In the kitchen, she stands in front of the open fridge, letting the delicious leftover cold soak into her skin. She’ll deal with the spoiled food later. Eggs had, actually, been her plan but it’s just too hot. The stove doesn’t work, and she doesn’t have the fortitude to turn the grill on. She finds some leftover shrimp pasta that Mulder has made, some vegetables, and assembles it all into a passable salad.
There, she thinks, pleased. I’d pay twelve bucks for that somewhere. She uses her foot to scratch a mosquito bite on her calf.
Her skin is clammy, hair stringy and damp from sweat. Maybe they should just go to a hotel after all. Perhaps she should stop ascribing symbolism to every damn thing and enjoy herself once in a while. But she thinks of packing, of driving, of unpacking and somehow it’s all too much and her eyes start to fill and her sinuses sting.

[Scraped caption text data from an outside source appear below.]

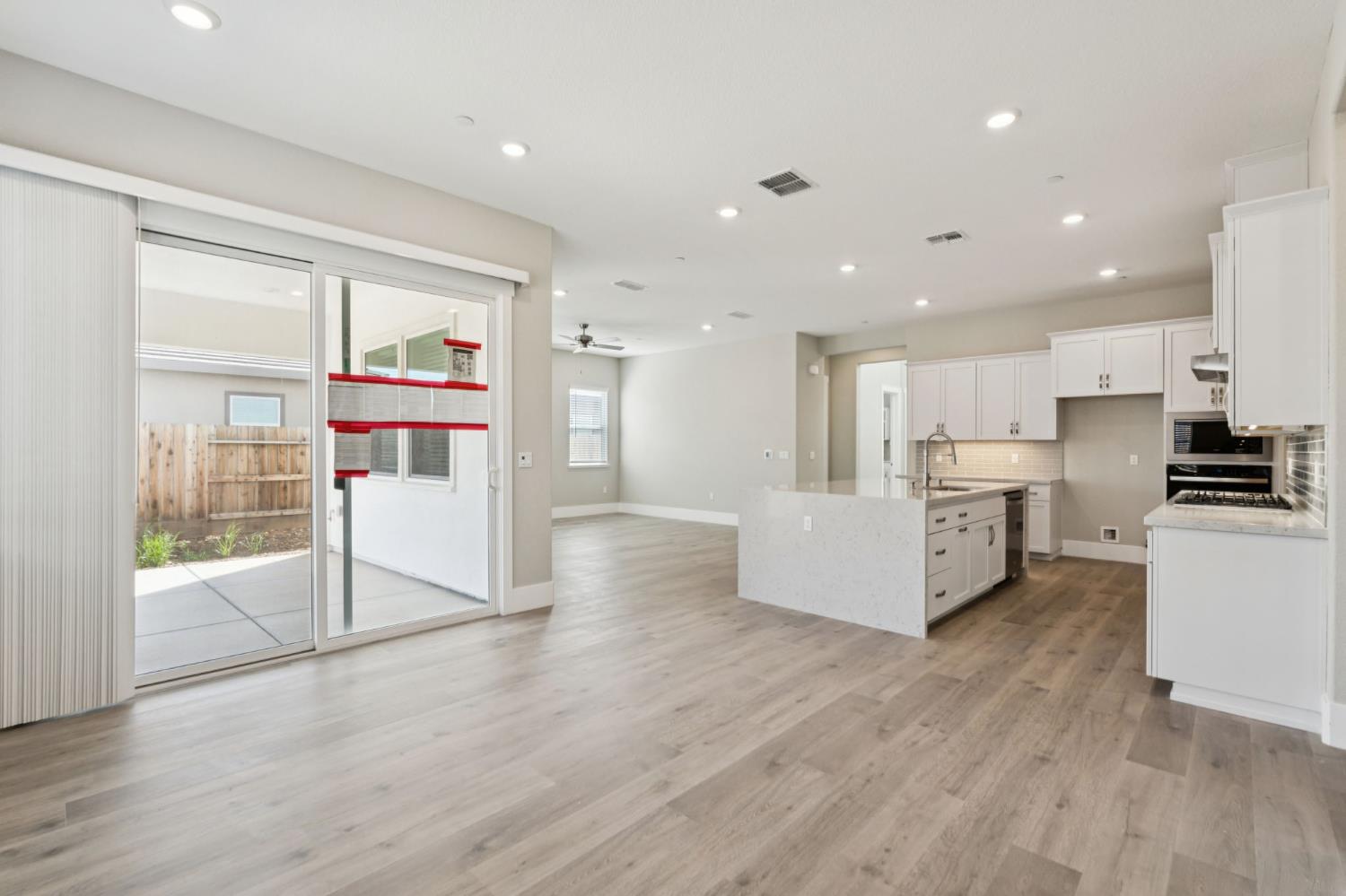 3031 Pocosol Way Rancho Cordova, CA 95742 - Photo 16 of 47 a view of kitchen with stainless steel appliances kitchen island wooden floors and view living room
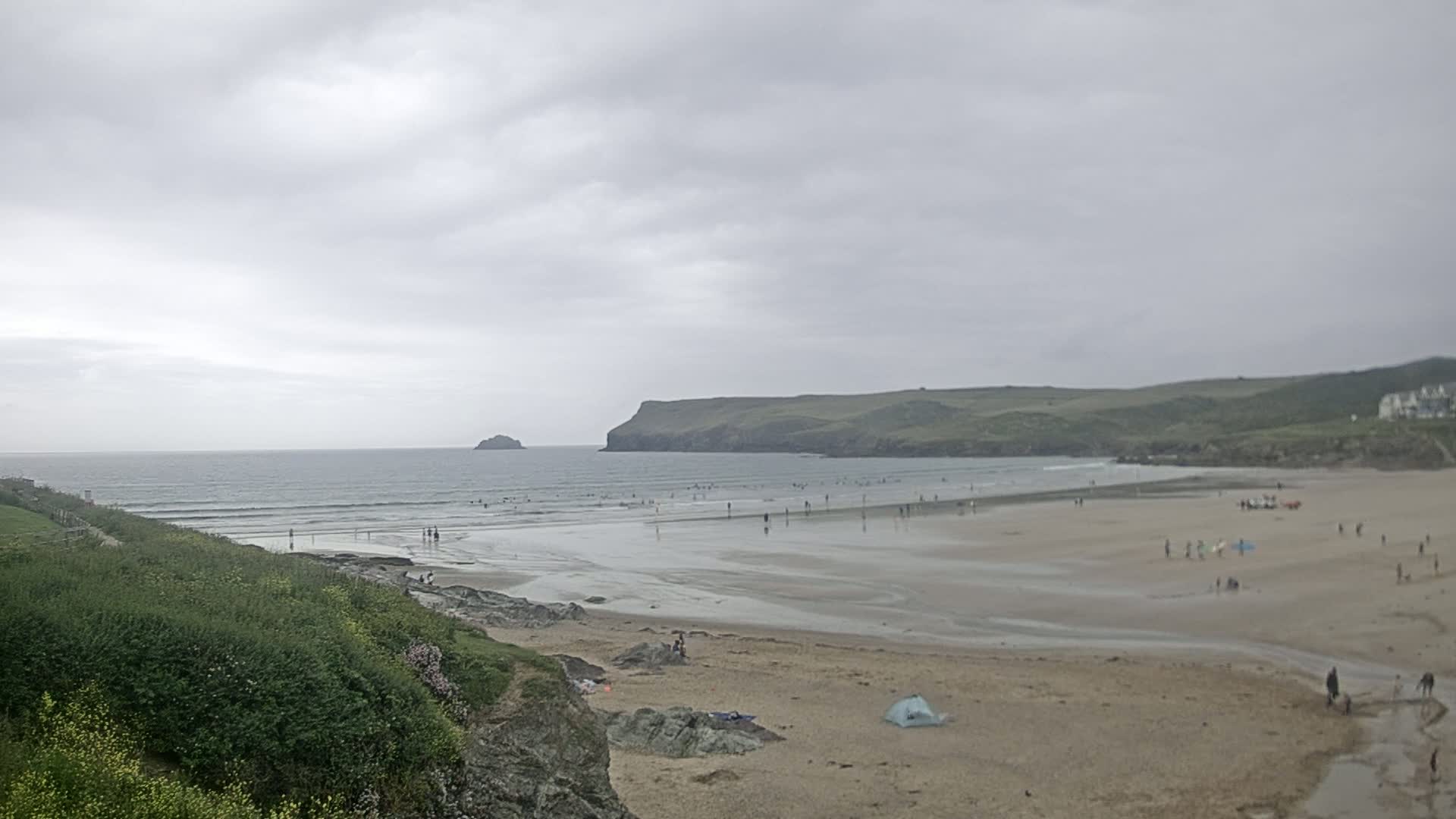 A sandy beach with a few people on it stretches between a grassy cliff and the ocean under an overcast sky.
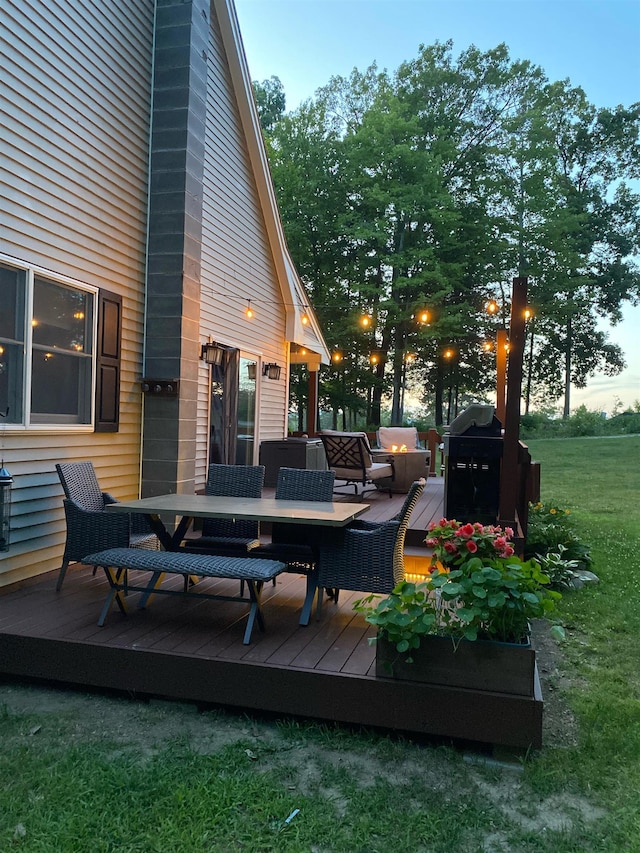 wooden terrace featuring a grill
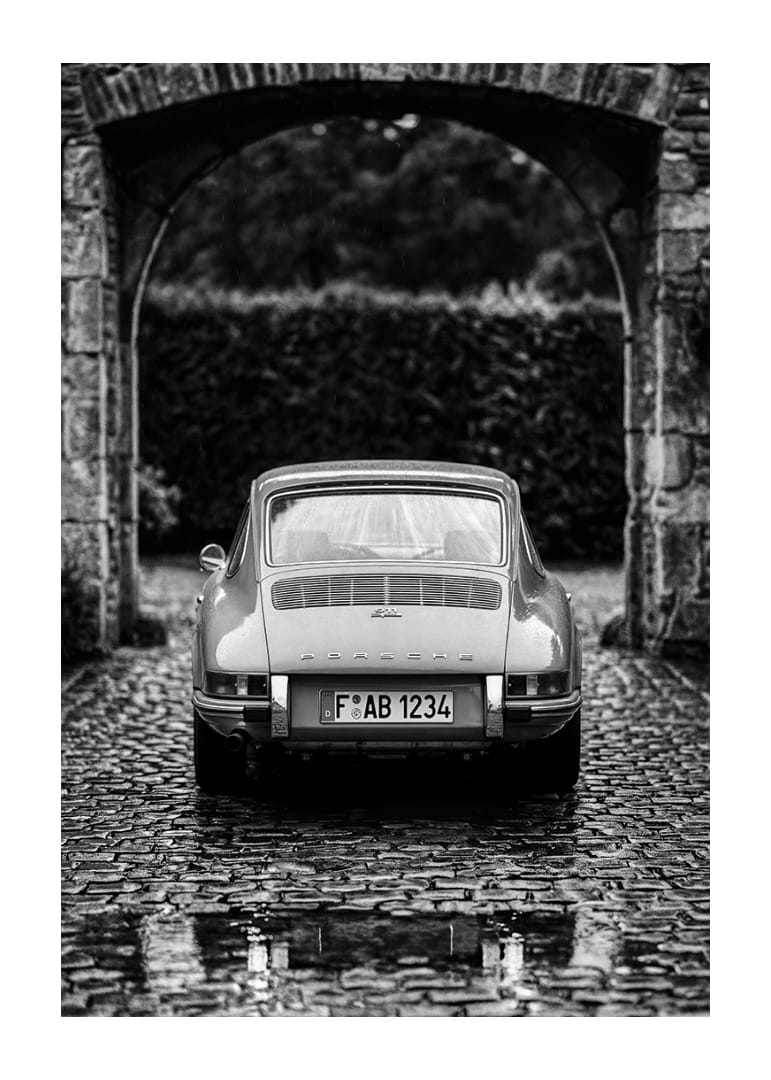 A classic Porsche 911 in a rainy landscape gives a nostalgic feeling.-12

Scully pinches her wrist until it passes, feeling weak and hating the weakness in herself. It’s the heat, it’s the exhaustion, it’s the heavy mental load. She considers going outside for a dip in the pond, but suspects the water will be unpleasantly warm. Instead, she drags herself back upstairs for a cold shower.
She sits on the edge of the bed, weary, and stares at a framed picture of a sea turtle on the far wall. If she lets her eyes drift out of focus, it looks like it’s swimming. She tips her head back for a better angle, watches it float across her vision. It slips away then, into the black of the deep waters.
***
She startles awake when he touches her shoulder, gasps.
“Jesus,” Mulder says, and sits next to her. “Bad dream?”
Scully sits up, dazed. “What? No, was I asleep?”
“You’ve been out cold for over an hour, but I wanted to make sure you got some food. Water at least, it’s too hot up here.”
She blinks, confused. “I don’t remember,” she says. Peering to her right reveals night outside.
Mulder holds a hand out and she grasps it, letting him pull her to her feet. She wavers and he steadies her, arm about her shoulders. 
“I just need some water,” she says, defensive.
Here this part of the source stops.